Best way to write a query with too many joins-CodePudding

I have a database table (let's call it project) and many other tables, most of these other table have a foreign key (id_project) referencing the table project.

The goal of this query is to return which phase the project is in right now (a project develops little by little until it reaches its end) and there are over 20 tables that a project may pass by, my solution to this was using too many joins and see what table has null values like this

SELECT
    p.id_project
    CASE
        WHEN po.id IS NOT NULL THEN 'payment completed'
        WHEN b.id IS NOT NULL THEN 'bill received'
        WHEN e.id IS NOT NULL THEN 'project engaged'
        --(and still many other cases)
       ELSE 'start of the project'
    END AS progress
FROM 
    project p
LEFT JOIN
    decision d ON d.id_project = p.id_project
LEFT JOIN 
    engagement e ON e.id_project = p.id_project
LEFT JOIN 
    bill b ON b.id_project = p.id_project
LEFT JOIN 
    payment_order po ON po.id_project = p.id_project
LEFT JOIN  
    --..... (many other tables)

This query takes about 9 seconds at best to execute and it is used quite frequently (as a view called from other queries).

Is it possible to have another better solution or is this or another approach?

CodePudding user response：

Now about another approach? A project can be only in one phase at the moment; right? So, you could alter the PROJECT table and add a new column - PROJECT_PHASE - which would contain current phase. That column is to be updated as soon as project moves to another phase; the way I understood it, it is when a new row is created in any of those 20 tables.
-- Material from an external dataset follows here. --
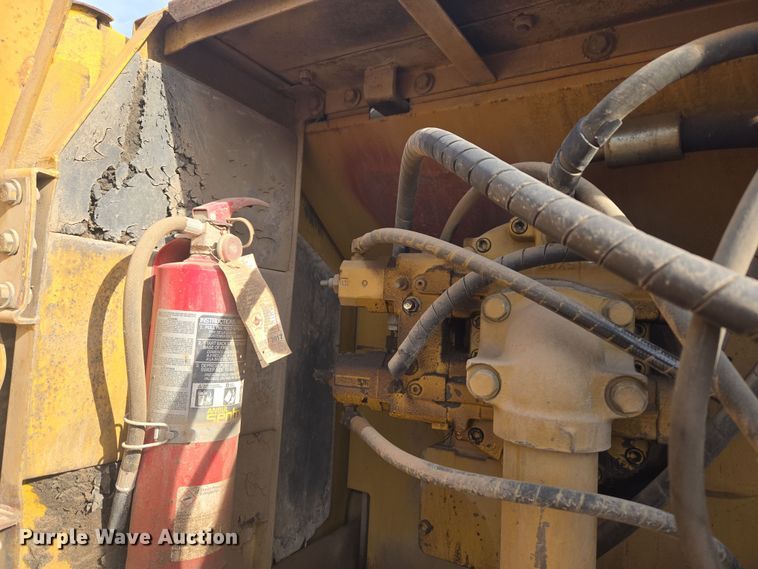 image for item ER5179 1996 Caterpillar 320L excavator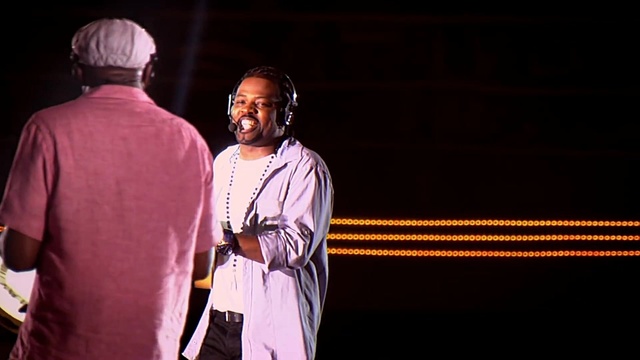 Grupo Revelacao - Deixa O Amor Entrar Em Sua Vida (360º Ao Vivo)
Another option is to create a new table, project_phase which would contain id_project and `id_phase' combination (along with e.g. timestamp, whatever).

Any approach would mean that you'd quickly fetch current project phase, without outer joining 20 (large?) tables which takes time.

CodePudding user response：

We don't know your data, but your database design shows a 1:n relation for all tables, i.e. multiple decisions for one project, multiple engagements for one project, multiple bills, etc. Now let's assume there are three decisions, three engagements and four bills so far for a project. You join all rows on the project ID alone. This is called a cartesian product per project, creating all combinations (each row with each other row) producing 3 x 3 x 4 = 36 rows for this one project alone.

I am surprised you haven't noticed this yourself, as you say you are already using the query and there is no aggregation taking place. Or is this what you refer to with "too many joins"?

Instead of cross joining all those rows just look the tables up with EXISTS or IN.

SELECT
  p.id_project,
  CASE
    WHEN p.id_project IN (SELECT po.id_project FROM payment_order po) THEN 'payment completed'
    WHEN p.id_project IN (SELECT b.id_project  FROM bill b)           THEN 'bill received'
    WHEN p.id_project IN (SELECT e.id_project  FROM engagement e)     THEN 'project engaged'
    -- (and still many other cases)
    ELSE 'start of the project'
  END AS progress
FROM project p;

A faster alternative would be to store the status in the project table as suggested by Littlefoot (and ideally a table for the statuses) and then have triggers on all those tables that update that status.